Analysis on the Feasibility of Oxidative Dehydrogenation of Ethane with Electrochemical Means

The combination of horizontal drilling with hydraulic fracturing has transformed the outlook of the U.S. chemical industry sector, as domestic shale offer plentiful low-cost alkane feedstock. Steam cracking of alkanes for the production of olefins is an energy intensive thermodynamically limited process, requiring approximately 180 MJ/ton ethylene produced and emits large quantities of criteria pollutants (such as NO_X and SO_X). The capital intensity of current steam cracking technology, along with non-attainment status in many current locations limits the expansion of the U.S. chemical industry sector. Process intensification approaches, which increase reaction efficiency and better integrate reaction latent heat are attractive, as such concepts could significantly improve chemical manufacturing energy efficiency. An attractive alternative being considered is oxidative dehydrogenation (ODH) of ethane, as the process is exothermic without thermodynamic limitation. Several ODH process concepts are under development, include fixed/fluidized bed and chemical looping concepts. However, the lack of modularity, cryogenic air separation, and oxygen carrier deactivation/costs associated with these ODH concepts still need to be overcome.

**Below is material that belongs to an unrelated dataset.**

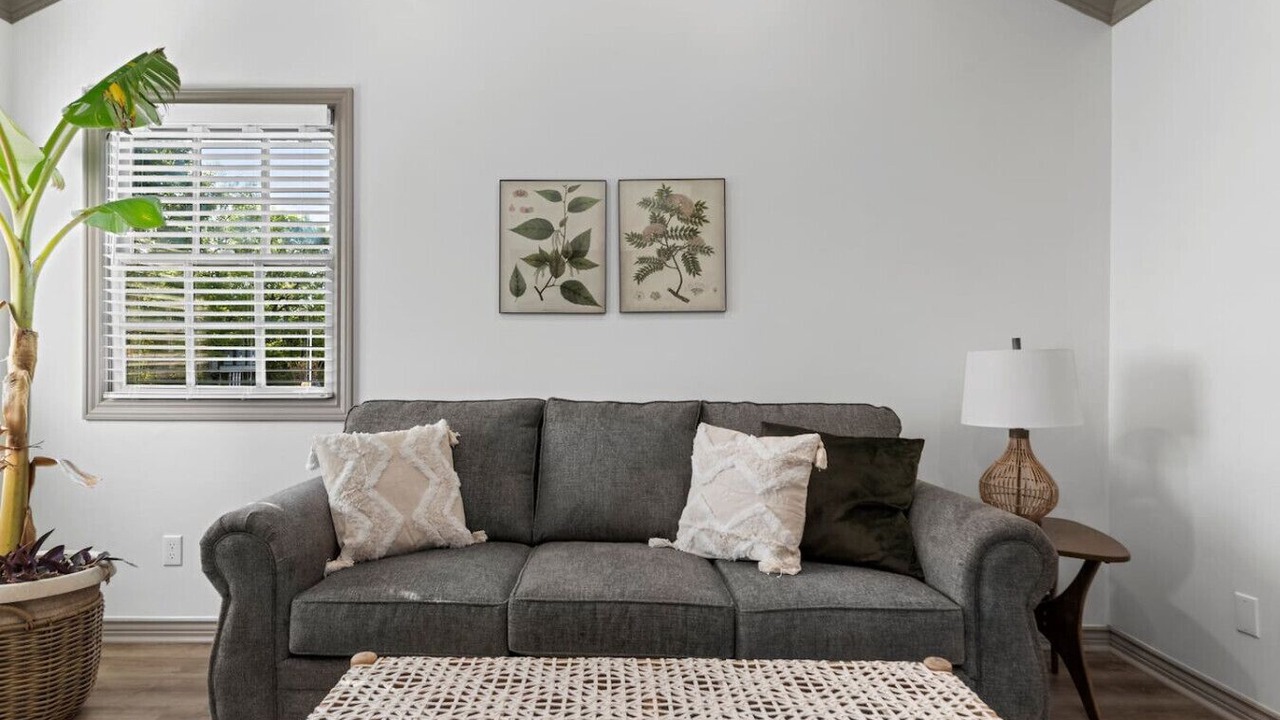 Photo of Livingroom in Ramona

An attractive alternative being considered by Ohio University (OHIO), is an electrogenerative oxidative ODH (e-ODH) process, which utilizes solid oxide fuel cell (SOFC) technology with oligomerization and CO₂ capture, to convert ethane into a transportation fuel product. The e-ODH process potentially offers significant advantages over current ODH concepts, including co-production of chemicals and electrical power and process intensification through inherent oxygen separation/modularity provided by the SOFC platform. To assess e-ODH process potential, OHIO has developed an Aspen Plus^® simulation for a 500 bbl/day system, to evaluate process efficiency and support a preliminary techno-economic study. For this simulation, pure ethane and air both enter the system separately. Ethane reacts with oxygen from air across an SOFC to form ethylene, which is then oligomerized utilizing a zeolite catalyst into transportation fuel product. This presentation will study results including estimates of process efficiency, product costs ($/GGE), and environmental emissions potential.